Le troisième fils commença également à grimper mais atteignit rapidement ses limites. Une corde descendit à son secours et il put continuer à grimper encore un peu mais dût s'arrêter un peu plus haut. Il leva les yeux pour obtenir de l'aide et son père descendit à sa rencontre, le prit sur ses épaules et le hissa en haut de la colline. Arrivé là-haut, il avait sombré dans la conscience et le père l'allongea donc sur le sol, alla chercher de l'eau et en jeta sur le visage de ses fils en criant : « Réveillez-vous mes enfants, réveillez-vous ! » Les trois fils s'éveillèrent, se jetèrent au cou de leur père et se mirent à pleurer. « Pourquoi pleurez-vous ? » demanda leur père. Ils répondirent : « Nous sommes tombés au pied de la colline et tu nous as aidés à remonter. » Le père sourit et leur dit : « Vous n'êtes jamais tombés en bas de la colline. Je vous ai vaporisé un peu d'eau et vous êtes revenus à la conscience. Le souvenir d'être tombés de la colline et d'y être remontés avec mon aide n'était qu'un rêve. »
Cette parabole révèle ceci :
- le père et ses enfants étaient déjà au sommet de la colline
- les fils n'en avaient pas conscience, ils vivaient dans l'ignorance ;
- ils pensaient être en bas de la colline et devoir y remonter : c'est notre condition humaine ;
- le premier fils est remonté par ses propres efforts ;
- le second fils a eu besoin d'efforts mais aussi de grâce sous forme de la corde ;
- le troisième fils a fait quelque effort, a reçu quelque grâce sous forme de corde et finalement la grâce sous la forme de son père.
L'effort lui-même est une grâce inhérente de Dieu. En ce sens, tout est grâce, qu'elle soit intérieure ou extérieure. Certaines personnes prennent conscience de la grâce intérieure et la cultivent par des pratiques spirituelles ferventes. D'autres personnes expérimentent la grâce venant de l'extérieur. Cela dépend de chacun : certains peuvent faire l'expérience de la grâce extérieure à cent pour cent sans aucune grâce intérieure et d'autres exactement le contraire. Entre ces deux extrêmes, il y a beaucoup de possibilités et de situations et chacune est unique.
Nous avons besoin de la grâce (effort et grâce) pour atteindre le haut de la colline et nous y éveiller de notre inconscience et de notre ignorance.
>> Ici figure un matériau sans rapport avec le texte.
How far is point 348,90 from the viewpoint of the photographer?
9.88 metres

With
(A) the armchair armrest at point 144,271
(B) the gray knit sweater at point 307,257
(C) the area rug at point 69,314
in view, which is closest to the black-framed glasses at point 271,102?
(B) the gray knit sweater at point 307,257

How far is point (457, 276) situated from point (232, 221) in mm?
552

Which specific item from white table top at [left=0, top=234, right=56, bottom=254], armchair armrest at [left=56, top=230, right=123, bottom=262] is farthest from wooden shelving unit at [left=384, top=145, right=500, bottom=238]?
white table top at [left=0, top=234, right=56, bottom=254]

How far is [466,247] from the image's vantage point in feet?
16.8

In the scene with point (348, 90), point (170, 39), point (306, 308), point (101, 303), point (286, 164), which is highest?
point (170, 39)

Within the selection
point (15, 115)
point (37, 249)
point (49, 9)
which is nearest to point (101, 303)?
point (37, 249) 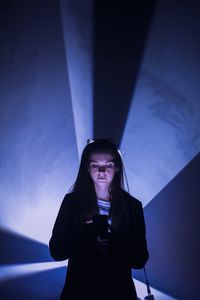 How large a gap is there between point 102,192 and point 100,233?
50 centimetres

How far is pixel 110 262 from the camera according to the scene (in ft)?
6.32

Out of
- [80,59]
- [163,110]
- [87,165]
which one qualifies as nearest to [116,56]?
[80,59]

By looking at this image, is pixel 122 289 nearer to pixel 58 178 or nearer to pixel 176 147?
pixel 176 147

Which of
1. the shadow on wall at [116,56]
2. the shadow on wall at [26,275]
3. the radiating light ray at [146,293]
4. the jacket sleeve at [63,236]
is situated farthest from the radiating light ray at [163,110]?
the shadow on wall at [26,275]

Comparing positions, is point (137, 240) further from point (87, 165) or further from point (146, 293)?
point (87, 165)

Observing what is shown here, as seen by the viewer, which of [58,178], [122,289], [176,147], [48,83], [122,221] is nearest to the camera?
[122,289]

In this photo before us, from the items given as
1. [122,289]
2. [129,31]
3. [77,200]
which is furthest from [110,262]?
[129,31]

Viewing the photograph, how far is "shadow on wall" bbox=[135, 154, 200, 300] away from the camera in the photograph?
2055 millimetres

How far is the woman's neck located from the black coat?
15cm

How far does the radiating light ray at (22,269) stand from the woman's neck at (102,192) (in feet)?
3.29

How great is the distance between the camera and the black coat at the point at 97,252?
73.4 inches

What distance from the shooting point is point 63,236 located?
2.07 meters

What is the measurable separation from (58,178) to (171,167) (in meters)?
1.42

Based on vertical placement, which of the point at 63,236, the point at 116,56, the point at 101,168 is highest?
the point at 116,56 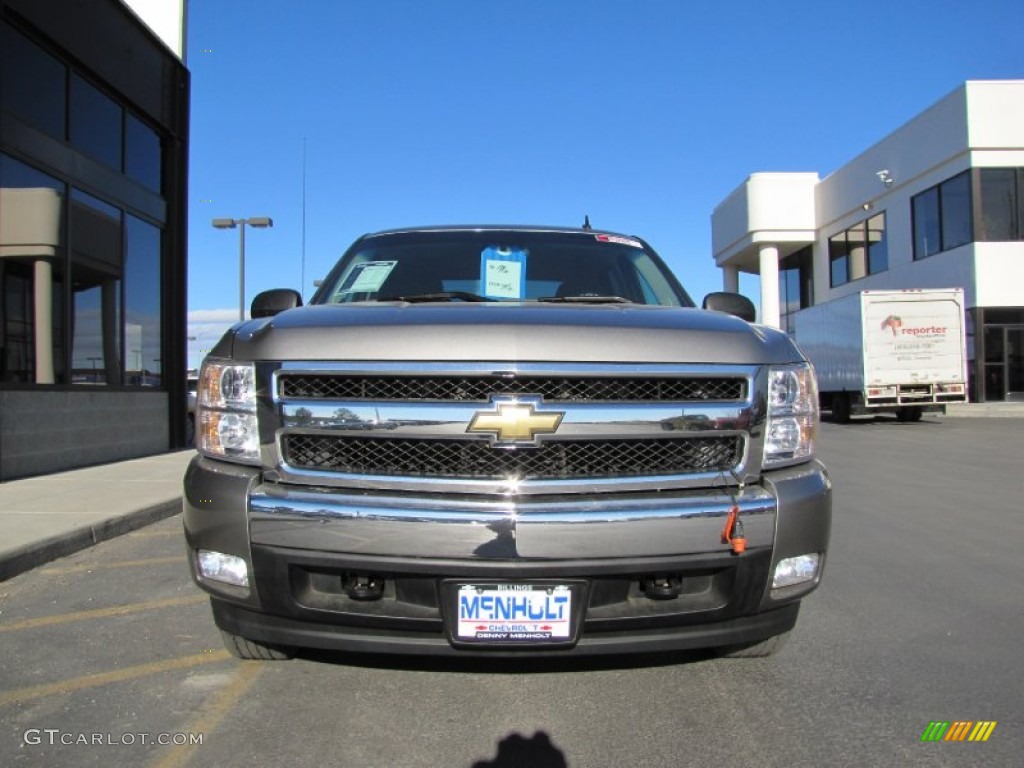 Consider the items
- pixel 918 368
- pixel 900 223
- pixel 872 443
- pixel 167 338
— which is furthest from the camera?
pixel 900 223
Là-haut, nous réalisons que nous avons toujours été avec Dieu, que nous rêvions et avons cessé de rêver. Cela s'appelle aller au-delà de la grâce. Il faut de la grâce pour aller au-delà de la grâce.
Saint Paul a dit : « À cause de la grâce, je suis ce que je suis. ». “Je suis ce que je suis” se situe au-delà de la grâce.